彼は20年前、ニューヨーク州ブルックリンの大型開発をリードし、14万平方メートルという広大は工場エリアを新複合施設として生まれ変わらせた。その実績を買われ、NYCEDCのCEOに抜擢。今度はマンハッタンを中心としたエリアの再開発に挑んでいる。
東京もまた、大規模な開発の只中にある。ターミナル駅を起点とした大型開発、400メートルを超える超高層ビル、地下鉄の新設など2030年から40年にかけてその勢いは止まらない。
キンボールは「東京とニューヨークは似ている」という。しかし、少子高齢化と一極集中が加速する日本で大都市が生まれ変わることは、いくつかの課題を生むことになる。たとえば労働力としての人、その住居はどう考えればいいのか。NYの成功をリードしたキンボールの言葉にヒントがある。
Forbes JAPAN(以下、F):ニューヨークは東京と同様に、港湾都市として発展し、現在、ウォーターフロントを再構築した都市開発を推進していると聞いています。その際、気候変動と環境レジリエンスを重要な課題と捉えて取り組みを推進しているとのことですが、どのようなフレームワークなのでしょうか?
アンドリュー・キンボール(以下、キンボール):ニューヨークでは現在、数百ものプロジェクトが進行しています。

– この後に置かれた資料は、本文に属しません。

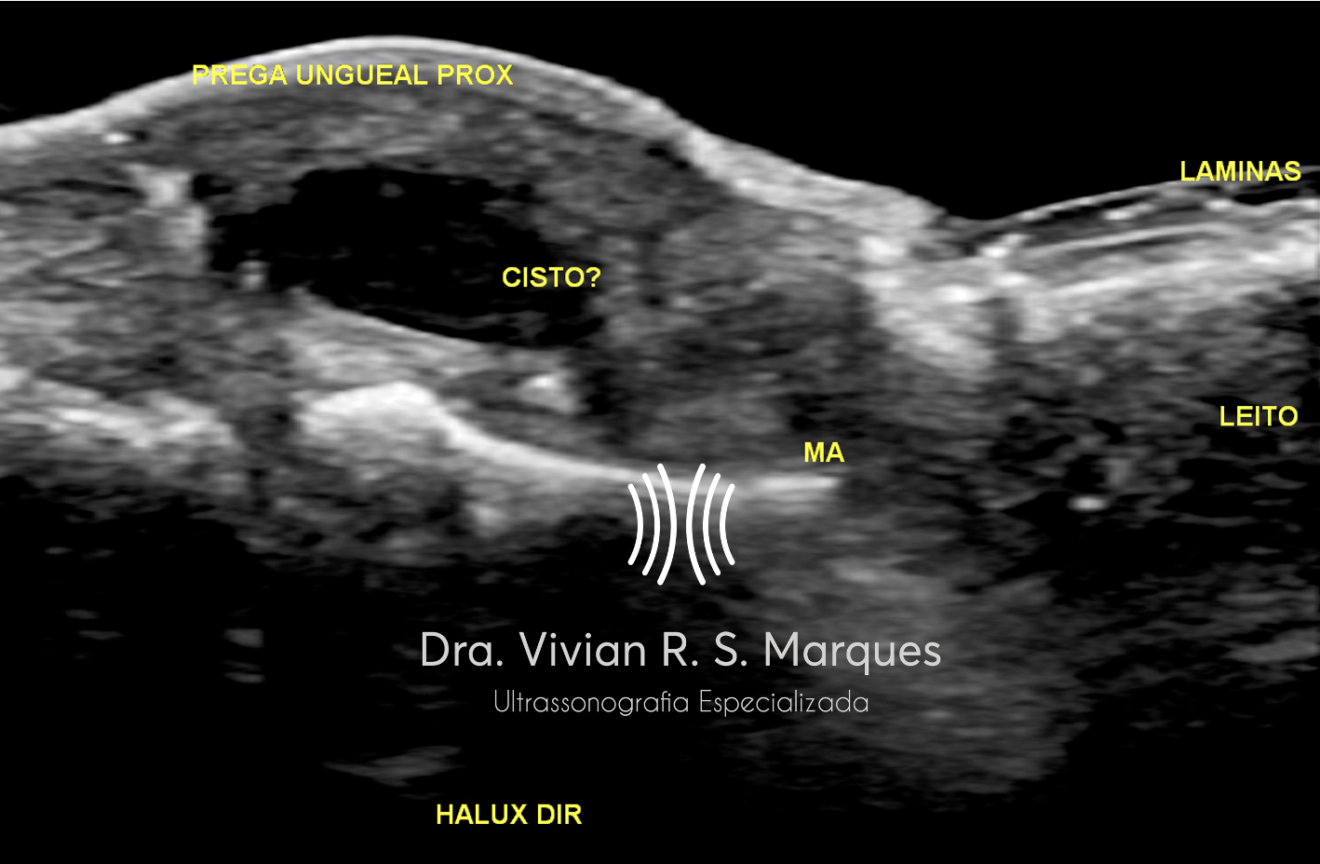 Conheça Mais Sobre A Ultrassonografia Dermatológica - Dra Vivian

中でも今後25年間で、すべての建物の「グリーンビル」への改修が義務付けされたので、建物をレジリエンスと自然エネルギーを中心に設計することが、必要になります。現在、市は洋上風力発電、水力発電、太陽光発電といった自然エネルギーの利用へと移行しており、大型ビルにも自然エネルギーを導入し、2050年までに古い送電網への依存をゼロにする計画を推進しているのです。
F:エネルギーのほかにも、建物のリユースなどにも注力していると聞いています。
キンボール:はい、レジリエンスを取り入れるだけでなく、美しい建築を作ることも優先事項にしています。というのも、若い人たちが働きたいと思うのは、モダンなレジリエンスのあるビルだからです。建物にリサイクル素材が使用されているかどうか、その建物が循環型経済の一端を担っているかに、彼らは非常に関心がある。
私は前職で、古い歴史的な建物をユニークに再生する「アクティブ・リユース」プロジェクトに従事していました。例えば、1800年代に建設された工場用建物のブルックリンの海軍工廠は、40~50年前までほとんど空き家同然でした。それを、デザイン、ファッション、技術、アートといった21世紀のモノづくりを牽引する若い起業家と一緒に、新たなモノづくりのハブとして再生させたのです。
最近発表したばかりなのですが、このハブに集積しているバイオテックのスタートアップの支援目的で、バイオテックの一大拠点となる研究所やインキュベーションセンターを25年に開設する予定です。すでに若い企業が拠点とするこの場所に、大企業や老舗企業が集まっている。また、カルチャーの拠点として周辺からも人が集まる。「仕事」と「ヒト」の好循環が生まれているのです。